Formula 1

The Best and the Rest

The Best and the Rest
Being lapped, overtaken by the race leader, so that you are a whole lap of the track behind him, is the greatest indignity that can befall a driver. And yet, in the Automobilist artwork depicting Nelson Piquet in the Lotus being passed by fellow Brazilian Ayrton Senna in the McLaren, things are not as embarrassing as they seem for Piquet. After the chequered flag came out a few laps later, he would be standing on the podium, having finished third. Senna and team-mate Alain Prost had lapped the entire field.

It all happened at the Imola circuit in the second round of the 1988 World Championship, the San Marino Grand Prix and even this early on in the season, it was obvious that race winner Senna would only have one rival for the Formula 1 World Championship crown that year, his McLaren team-mate Alain Prost, who inevitably, finished second that day.

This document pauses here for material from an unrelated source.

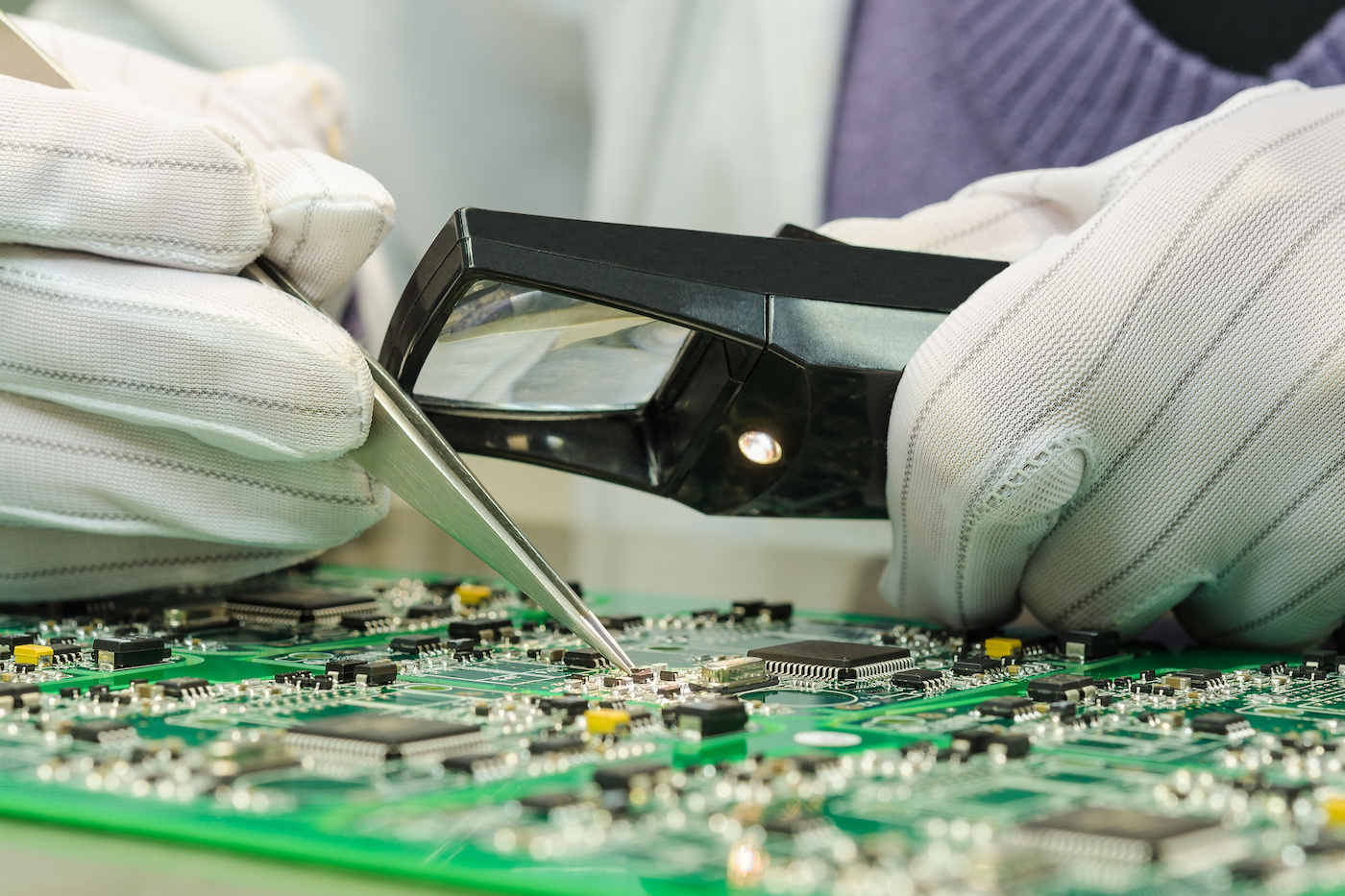 Woman in antistatic gloves holding pincette and magnifier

Piquet was the reigning world champion but he and every other driver on the grid had no answer for the technical superiority of the low McLaren MP4/4, with its incredible handling, acceleration and grip and the power of its Honda V6 turbo. Although it’s worth noting that triple world champion Piquet and his Lotus team-mate, Satoru Nakajima disposed of the same Japanese engine.

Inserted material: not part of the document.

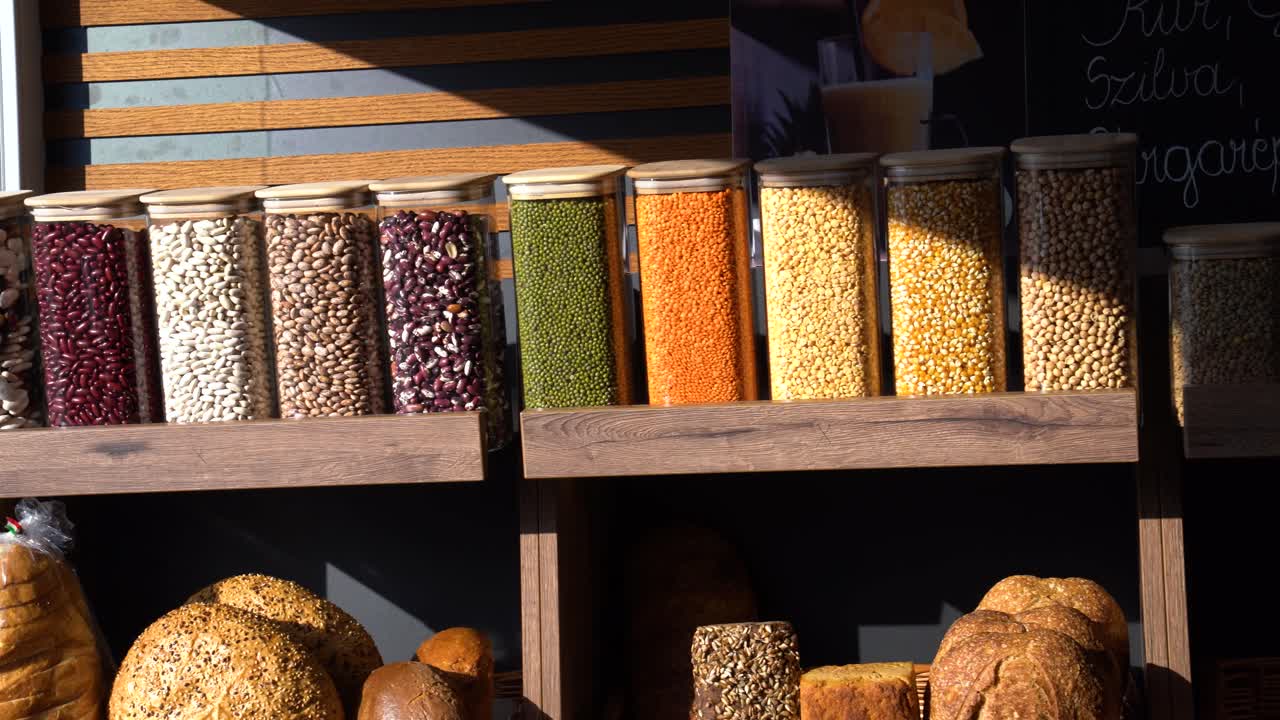 Morning sun shining across plastic bins of legumes, grains, and fresh bread displayed in market.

The car had only been tested, at the same Imola track in fact, a week before the opening round in Brazil and at the time, Prost and Senna had both demolished the previous best test time set by Gerhard Berger in the Ferrari. Prost won the opening round in Interlagos, after Senna was disqualified for taking the spare car after the green flag, when his race car developed a problem, so the San Marino GP was the younger man’s first win with the team, having joined over the winter. Going into the season, Prost was already ensconced at McLaren and his team-mate was the man he himself recommended to team boss Ron Dennis. At the time, Alain was already a double world champion with 28 Grand Prix wins, while Ayrton was the up and coming talent with 6 wins to his name. Dennis announced the new driver line-up at the ’87 Italian Grand Prix and race fans licked their lips in anticipation of what this duo, combined with the best engine at the time from Honda, could do. No one could have predicted just how far ahead of its rivals it would be. Apart from the brilliance of the Steve Nichols designed MP4/4, Honda built a brand new V6 turbo to deal with the new rules that involved limiting race fuel to 150 litres and a reduction in permitted turbo boost from the previous 4.0 BAR to 2.5.

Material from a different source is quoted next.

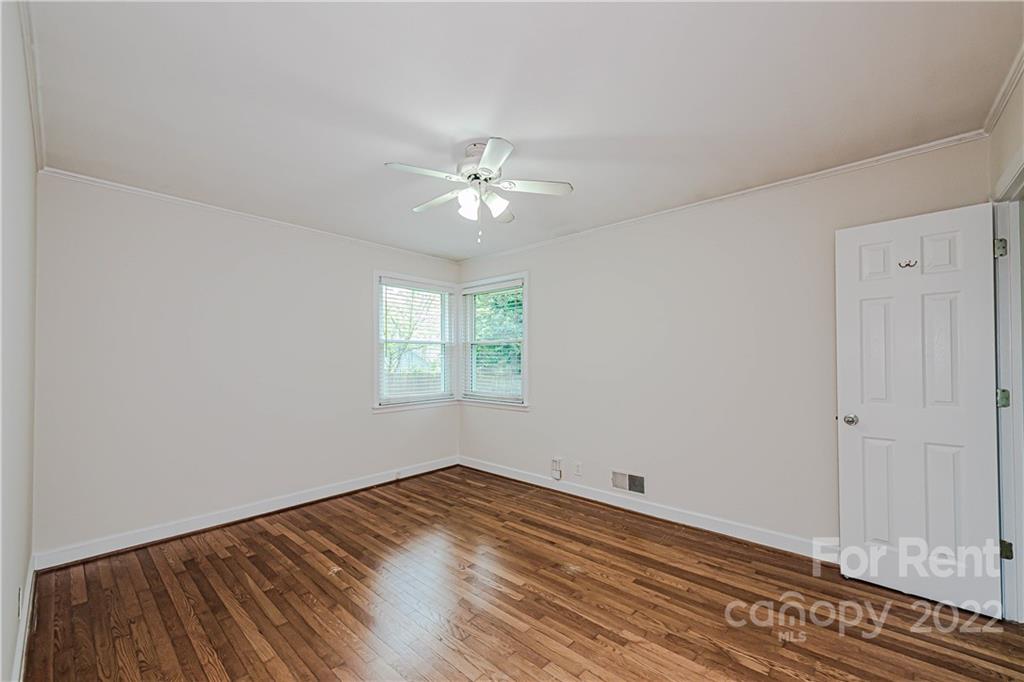 4301 Applegate Road Charlotte, NC 28209 - Photo 12 of 21 a view of a room with wooden floor and a ceiling fan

After qualifying at Imola, one wonders why the other teams did not pack up and go home: Senna was on pole, with Prost alongside him. Third was Piquet, over three seconds slower! Not even Mercedes, the team that has totally dominated the sport since 2014, has ever managed to inflict such a blow on the opposition.

And so it was that, for the rest of the year, race fans witnessed the start of one of the greatest rivalries of all time, between the older more experienced Frenchman and the young charger from Brazil. It was something Prost had already experienced, but from the other view point in 1984, when he joined McLaren alongside a double world champion called Niki Lauda. “Niki was the old master when I joined the team and I was the young guy,” recalled Prost in 1988. “But we worked together very quickly. I was eager to learn and Lauda helped me a lot.” The relationship worked, because Lauda realised he had a fight on his hands and was very keen to keep the younger man in his place. In ’84, he managed to beat Prost to the title, his third and last, by just half a point.

The ’88 season might have been a two horse race, but it was still a thriller, fought out between two of the greatest drivers of all time, with Senna clinching his first world title at the penultimate round. Our making of this Fine Art Print began with choosing a moment... this moment... as the most poignant in the whole race, when the third man standing on the podium found himself... lapped.

To create this moment from Imola 1988, 3D renderings of the car were developed and situated in an amalgamation of images from that point in the race. To ensure Ayrton Senna was captured from all angles, a photoshoot was carried out with a body double in the exact colours and design of helmet and car, as it was on a summer day in Monza. Every last nut, scratch and weathering on the car has been designed as exactly on the day of the race.

Appropriately, it was the Japanese GP at Honda’s own Suzuka circuit. Twelve months later, the two men were again fighting for the title in Japan, but this time the crown would go to Prost in controversial style when the two men collided at the chicane before the pits. Alain stepped out of the cockpit and walked away, but Ayrton signalled to the marshals to push him, got going again and was first past the chequered flag, only to be disqualified for getting that push start. By this point, the two rivals were no longer on speaking terms and Prost moved to Ferrari the following year.

In 1988, the red and white steamroller faltered just the once, at Monza in the Italian Grand Prix, when miraculously and to the delight of the partisan crowd, Gerhard Berger and Michele Alboreto finished first and second for Ferrari, just days after the death of “Il Commendatore” Enzo Ferrari. Apart from that blot on the copybook, McLaren took 15 poles from the 16 races, tellingly because of what it says about pure pace, 13 of them with Senna, along with 15 race wins, 8 for Senna which was a record at the time and 7 for Prost.